[Dataset items]
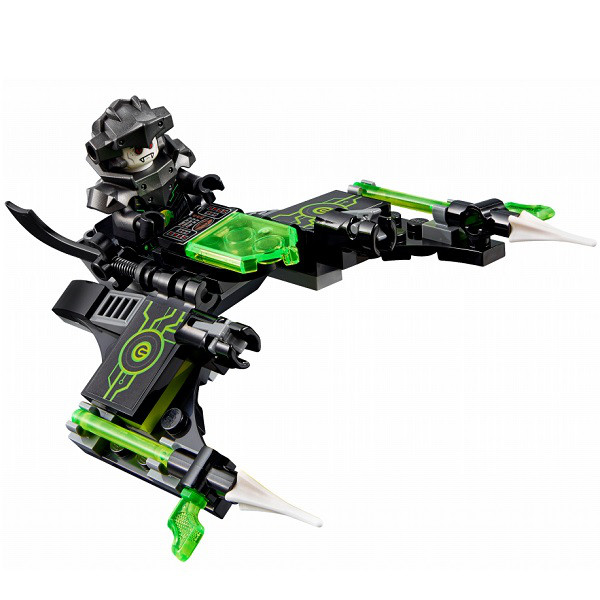 Lego Нексо Мобильный арсенал Акселя 72006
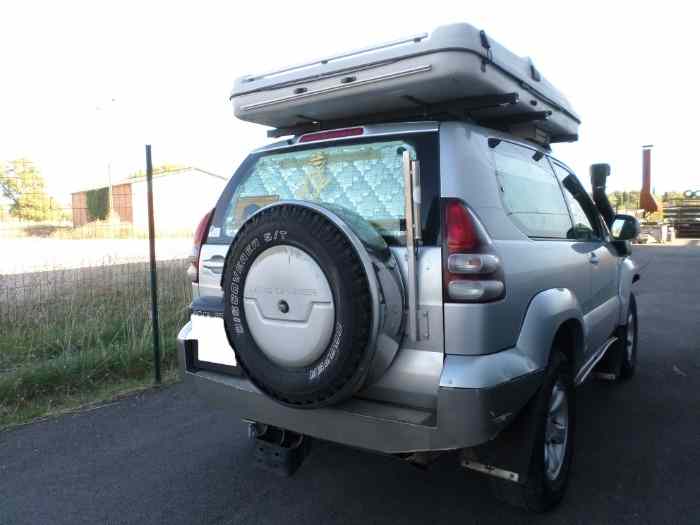 Toyota landcruisier 3.0 D-4D 163  KDJ préparé Raid 5
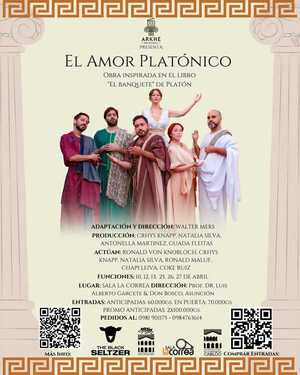 “El Amor Platónico”: filosofía clásica con mirada contemporánea en escena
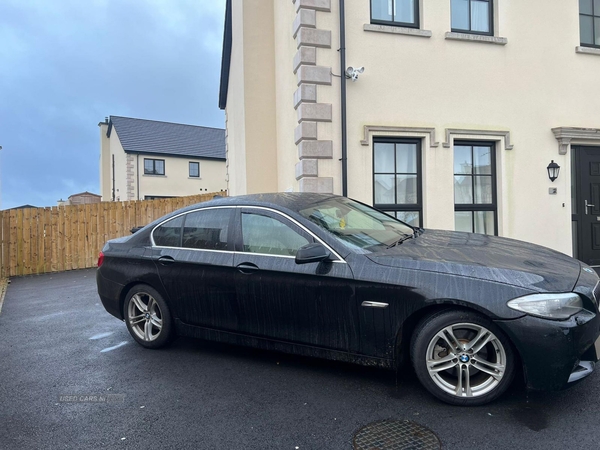 BMW 5 Series 520d SE 4dr Step Auto [Start Stop] in Armagh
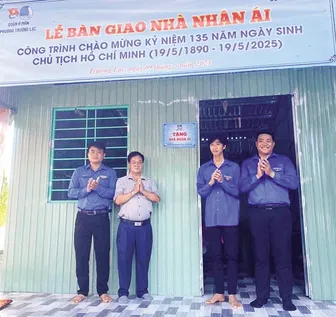 Góp phần chăm lo an sinh xã hội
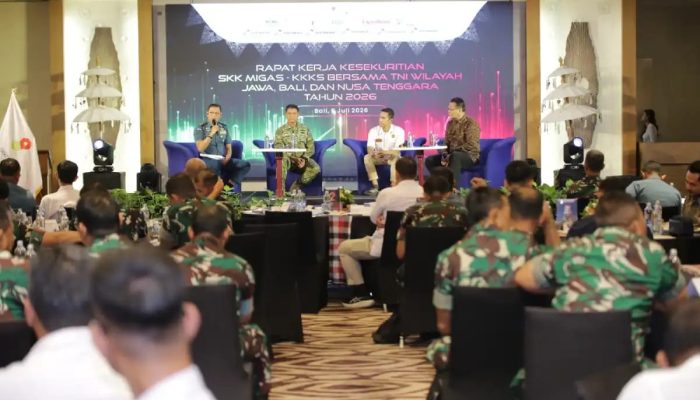 SKK Migas Perkuat Pengamanan Objek Vital Nasional Lewat Sinergi dengan TNI AD dan TNI AL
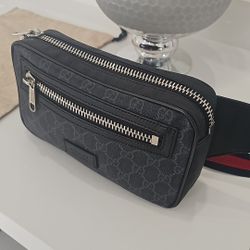 Gucci Monogram Belt Bag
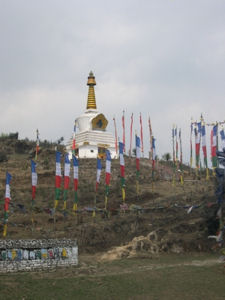 Stupa at Manebhanjang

> Brief
If an entry contains an image, print the rest of that entry exactly and leave the image out.

> Answer for the task
 Lego Нексо Мобильный арсенал Акселя 72006
 Toyota landcruisier 3.0 D-4D 163  KDJ préparé Raid 5
 “El Amor Platónico”: filosofía clásica con mirada contemporánea en escena
 BMW 5 Series 520d SE 4dr Step Auto [Start Stop] in Armagh
 Góp phần chăm lo an sinh xã hội
 SKK Migas Perkuat Pengamanan Objek Vital Nasional Lewat Sinergi dengan TNI AD dan TNI AL
 Gucci Monogram Belt Bag
 Stupa at Manebhanjang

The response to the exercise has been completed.